The UK government’s warning that the new strain of the COVID-19 can be equally or more deadly is a reason for concern, with many countries in Europe struggling to come out of lockdowns. Mass vaccination seems to be the only way out.
While Oman has been reporting a relatively low level of new cases, the matter of concern is that some of the neighbouring countries are seeing a rise in the numbers.
UAE reported over 3,500 cases, Iran over 6,000, and Kuwait over 500 cases on Sunday. This could be the reason that the Oman government was forced to close the land borders last week while UAE had to suspend entertainment activities.
With the vaccination process gaining stream, there is hope that the new strain will be tamed faster than the original one.
According to a WHO director on immunisation, “Viruses change all the time, but there are no reasons to believe that the new variants will impact the efficiency of the vaccines. Until we get more information on vaccines, what is needed is the vaccination must be stepped up to cover all vulnerable segments of the population.”
Over 24,000 people have taken vaccines in Oman in the first phase, while over 4,000 has been vaccinated for the second dose, according to the Ministry of Health.
Oman has not made the vaccination mandatory but has been still encouraging people in targeted groups to get vaccinated as soon as possible.
The IATA and airlines have been working on a Travel Pass, which will be allowing travellers to store and manage certifications for COVID-19 tests or vaccines. “This will help the seamless flow of passengers from one country to the other and revive the travel and tourism sector.”
On the positive side, COVAX, the global initiative to ensure rapid and equitable access to COVID-19 vaccines, has signed an advance purchase agreement with Pfizer for up to 40 million doses of the Pfizer-BioNTech vaccine candidate, which has already received WHO emergency use listing. Rollout will commence with the successful negotiation and execution of supply agreements.
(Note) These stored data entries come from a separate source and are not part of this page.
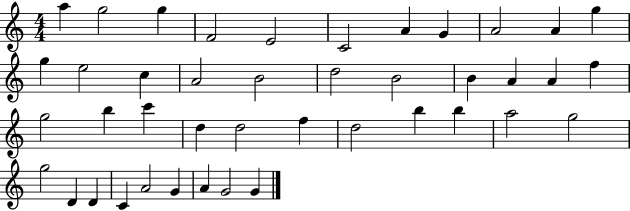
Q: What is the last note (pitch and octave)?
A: G4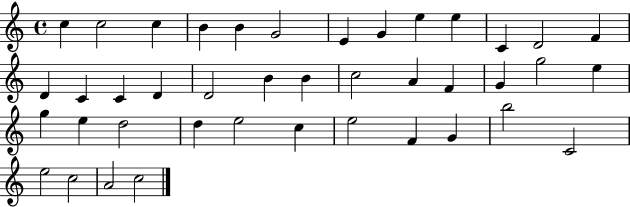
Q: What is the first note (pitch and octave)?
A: C5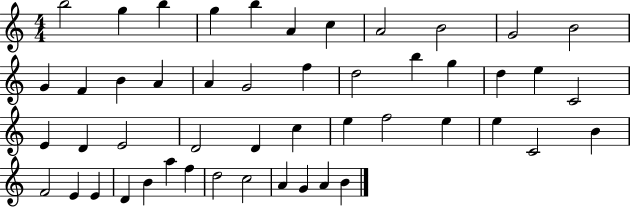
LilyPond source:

{
  \clef treble
  \numericTimeSignature
  \time 4/4
  \key c \major
  b''2 g''4 b''4 | g''4 b''4 a'4 c''4 | a'2 b'2 | g'2 b'2 | \break g'4 f'4 b'4 a'4 | a'4 g'2 f''4 | d''2 b''4 g''4 | d''4 e''4 c'2 | \break e'4 d'4 e'2 | d'2 d'4 c''4 | e''4 f''2 e''4 | e''4 c'2 b'4 | \break f'2 e'4 e'4 | d'4 b'4 a''4 f''4 | d''2 c''2 | a'4 g'4 a'4 b'4 | \break \bar "|."
}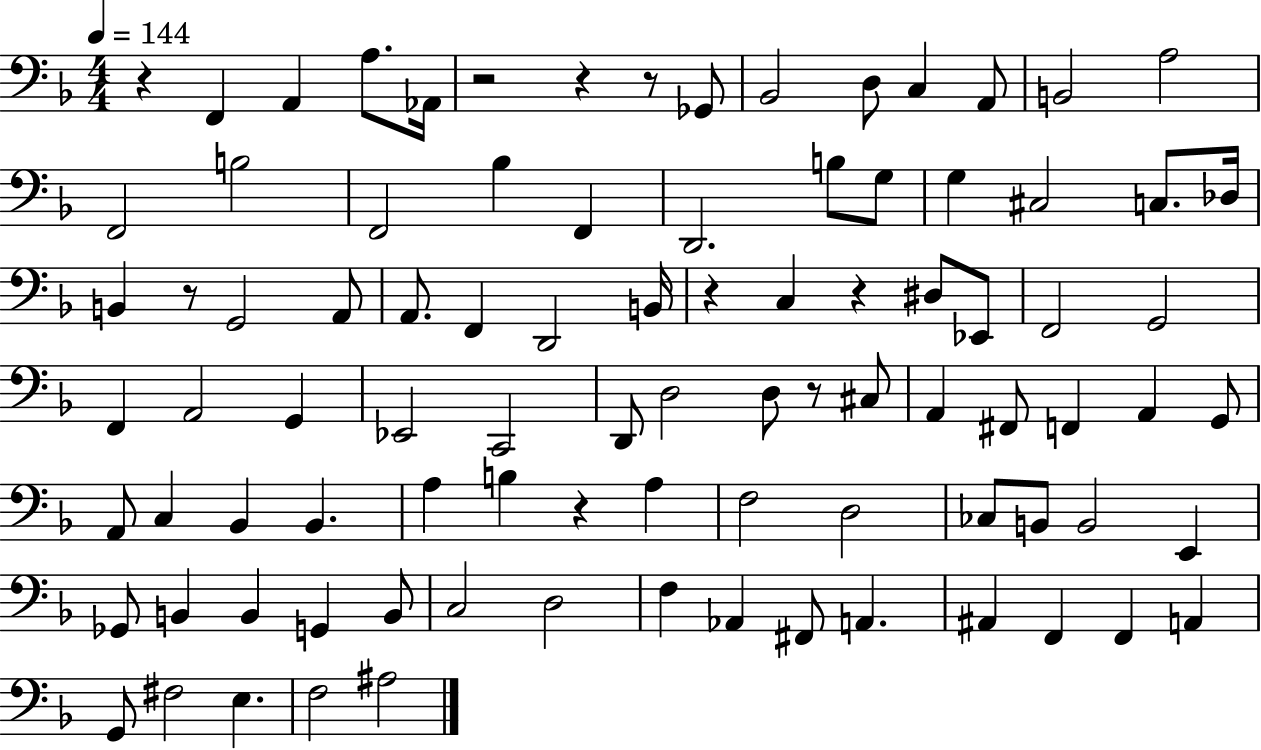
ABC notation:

X:1
T:Untitled
M:4/4
L:1/4
K:F
z F,, A,, A,/2 _A,,/4 z2 z z/2 _G,,/2 _B,,2 D,/2 C, A,,/2 B,,2 A,2 F,,2 B,2 F,,2 _B, F,, D,,2 B,/2 G,/2 G, ^C,2 C,/2 _D,/4 B,, z/2 G,,2 A,,/2 A,,/2 F,, D,,2 B,,/4 z C, z ^D,/2 _E,,/2 F,,2 G,,2 F,, A,,2 G,, _E,,2 C,,2 D,,/2 D,2 D,/2 z/2 ^C,/2 A,, ^F,,/2 F,, A,, G,,/2 A,,/2 C, _B,, _B,, A, B, z A, F,2 D,2 _C,/2 B,,/2 B,,2 E,, _G,,/2 B,, B,, G,, B,,/2 C,2 D,2 F, _A,, ^F,,/2 A,, ^A,, F,, F,, A,, G,,/2 ^F,2 E, F,2 ^A,2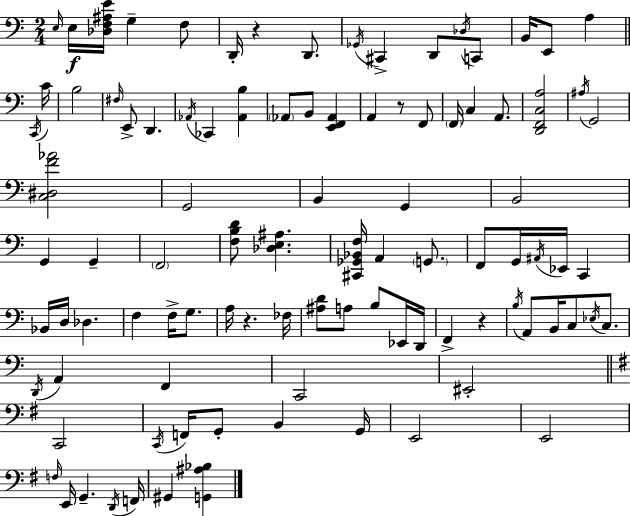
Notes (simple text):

E3/s E3/s [Db3,F3,A#3,E4]/s G3/q F3/e D2/s R/q D2/e. Gb2/s C#2/q D2/e Db3/s C2/e B2/s E2/e A3/q C2/s C4/s B3/h F#3/s E2/e D2/q. Ab2/s CES2/q [Ab2,B3]/q Ab2/e B2/e [E2,F2,Ab2]/q A2/q R/e F2/e F2/s C3/q A2/e. [D2,F2,C3,A3]/h A#3/s G2/h [C3,D#3,F4,Ab4]/h G2/h B2/q G2/q B2/h G2/q G2/q F2/h [F3,B3,D4]/e [Db3,E3,A#3]/q. [C#2,Gb2,Bb2,F3]/s A2/q G2/e. F2/e G2/s A#2/s Eb2/s C2/q Bb2/s D3/s Db3/q. F3/q F3/s G3/e. A3/s R/q. FES3/s [A#3,D4]/e A3/e B3/e Eb2/s D2/s F2/q R/q B3/s A2/e B2/s C3/e Eb3/s C3/e. D2/s A2/q F2/q C2/h EIS2/h C2/h C2/s F2/s G2/e B2/q G2/s E2/h E2/h F3/s E2/s G2/q. D2/s F2/s G#2/q [G2,A#3,Bb3]/q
In further support of its mission to expedite early availability of vaccines to lower-income countries and help bring a rapid end to the acute stage of the pandemic, COVAX also confirmed that it will exercise an option with India’s Serum Institute to receive its first 100 million doses of the AstraZeneca/Oxford University-developed vaccine. According to reports, the emergence of several, more infectious strains of the novel coronavirus have worried governments and scientists, who are investigating how and why the virus became more transmissible.
It was not unexpected for the new variants to appear after a year of COVID-19 as levels of global immunity increase through vaccinations and natural infection.
In South Africa and Brazil there was already quite a high level of antibody response from people who had been infected and recovered from the virus. Experts expressed doubt that immunity levels directly influenced the current mutations.
While the COVID-19 virus typically infects individuals for around 10 days before being neutralised by the body, some studies have shown that certain patients may carry it for several weeks or longer — maximising the window for mutations.